Conférence européenne des présidents de Parlement au Luxembourg

Conférence européenne des présidents de Parlement
Session II – Le renforcement de l’Union européenne
Luxembourg, lundi 23 mai 2016

Monsieur le Président Di Bartolomeo, cher Mars,

Mesdames et Messieurs les Présidents de Parlements, mes chers collègues,

C’est un grand plaisir pour moi d’intervenir devant vous. Et je remercie avec amitié et reconnaissance notre collègue, notre ami Mars Di Bartolomeo d’avoir conduit avec talent et élégance l’organisation de cette Conférence que je qualifierais de décisive.

En effet, nous avons des choses à nous dire. Nous ne sommes pas de simples partenaires, nous sommes les représentants de peuples frères, et l’Union européenne n’a pas été fondée pour n’être qu’une simple instance d’échanges de bons procédés.

Notre collègue Laura Boldrini, qui vient de prononcer un discours aussi beau que juste, a parlé d’un de nos Pères fondateurs, Altiero Spinelli. Nos Pères fondateurs, Spinelli et Schuman, Monnet, Adenauer, Spaak ou De Gasperi, lorsqu’ils se réunirent, et réussirent à mettre d’accord des peuples jadis ennemis pour construire l’Europe moderne, n’ont pas mis en commun leurs efforts sur un devoir de mathématiques, ou un devoir de gestion. Non, ils ont fait un devoir de philosophie. L’Europe n’est pas une abstraction dont nous héritons comme un actif financier. L’Europe est une réalité politique, vivante, qui respire, qui aime, qui rit et qui souffre comme toutes les réalités humaines.

L’Europe est même plus que cela. Elle est plus grande que nous-même car elle s’identifie à une civilisation, héritière de tant de grands empires, de grandes découvertes, de grandes délicatesses et de grandes fulgurances.

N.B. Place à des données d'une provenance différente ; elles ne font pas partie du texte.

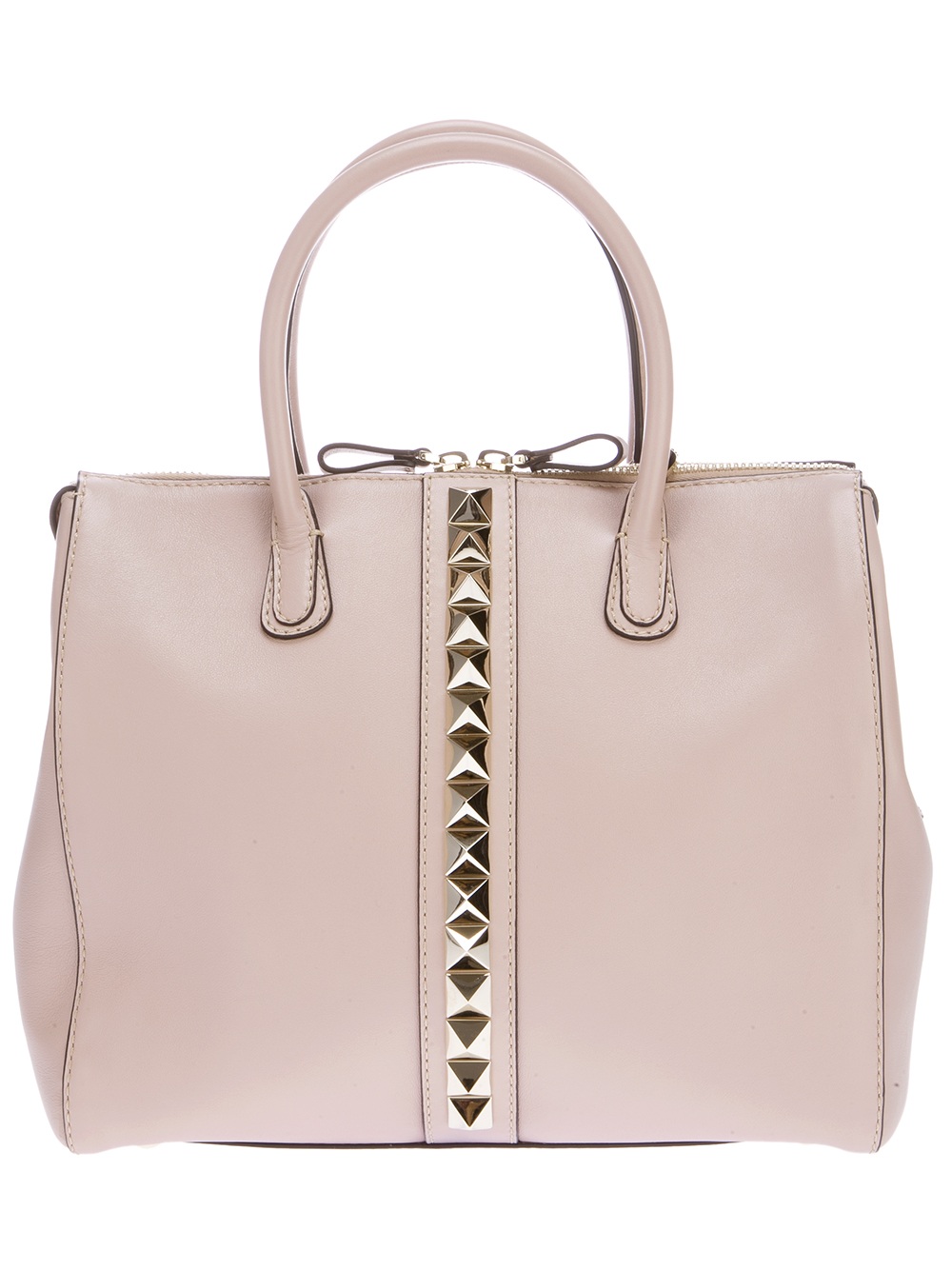 Valentino Studded Bag in Pink (powder) | Lyst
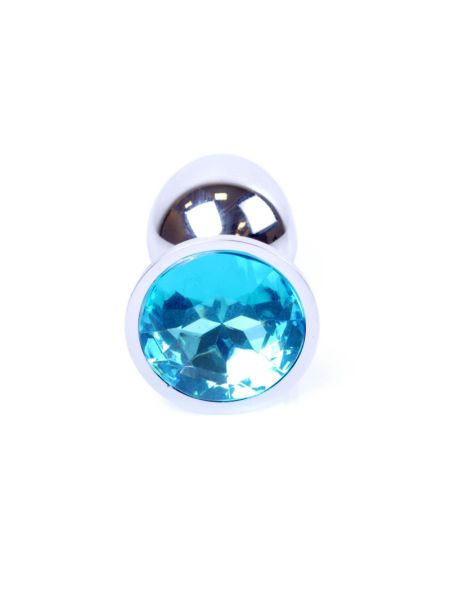 Анальна пробка - Jewellery Silver Plug - Light Blue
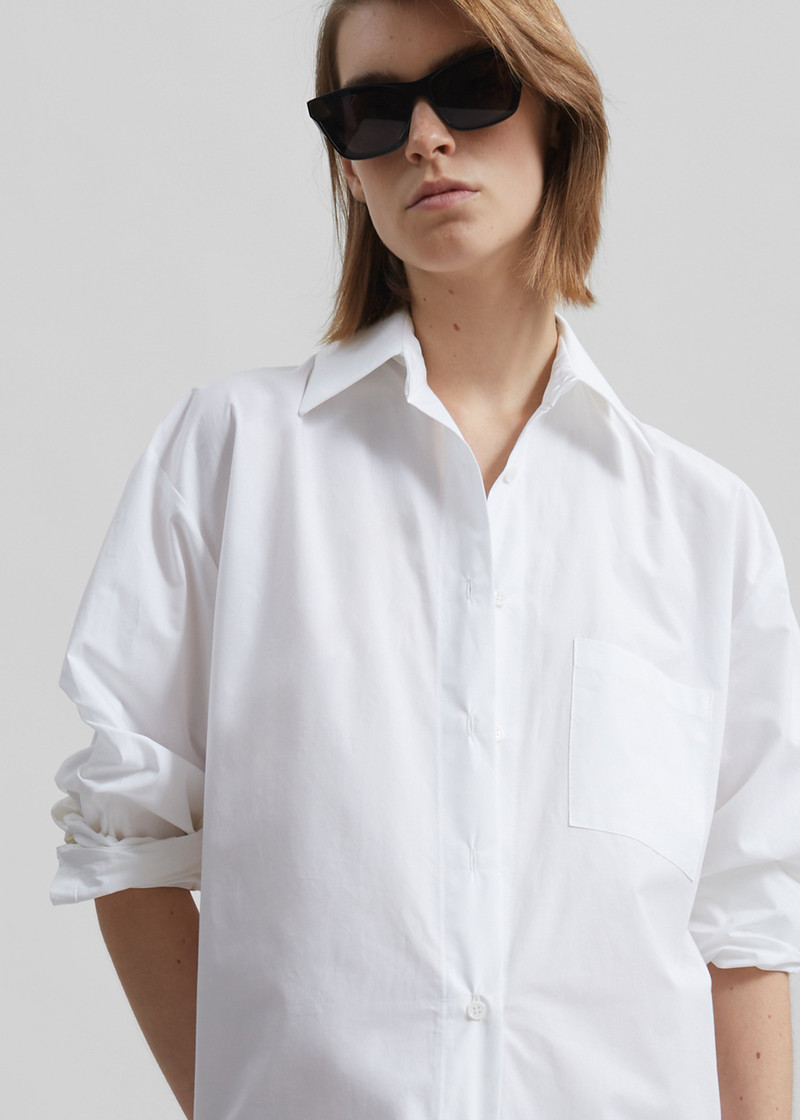 Helena Shirt Dress - White 6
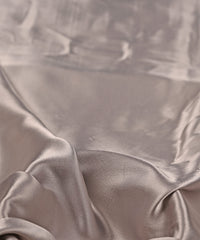 Grey Plain Dyed Japan Satin Fabric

Ici, à Luxembourg, dans cette salle, au XXIème siècle, dans les murmures de l’air, dans les ombres et les lumières qui nous entourent, il y a un peu de Périclès, un peu d’Aristote, un peu d’Auguste et de Trajan, un peu de Clovis baptisé et de Charlemagne couronné, un peu d’Abélard, de Charles IV de Bohème et de Louis XIV de France, de Laurent le Florentin et de la Magna Carta de Londres. Et il y a aussi les rebelles, les hérétiques, les exilés et les condamnés, Giordano Bruno et Jan Hus, Thomas More et Victor Hugo, qui tous, ont souffert d’avoir pensé cette utopie européenne qui aujourd’hui est une réalité dont notre mission est de la faire vivre. Et pourtant, aujourd’hui, nous doutons tous. Comment en est-on arrivé là ?

Il y a trente ans, en 1976, sous l’impulsion de l’immense chef d’orchestre Claudio Abbado, l’Europe créait l’Orchestre des jeunes de l’Union européenne, qui depuis lors initie des milliers de nos jeunes, de tous nos pays, à l’excellence.

Avant-hier, devant la Gare centrale de Bruxelles, ils ont manifesté leur colère devant le projet de leur disparition par souci d’austérité budgétaire. Comment en est-on arrivé là ?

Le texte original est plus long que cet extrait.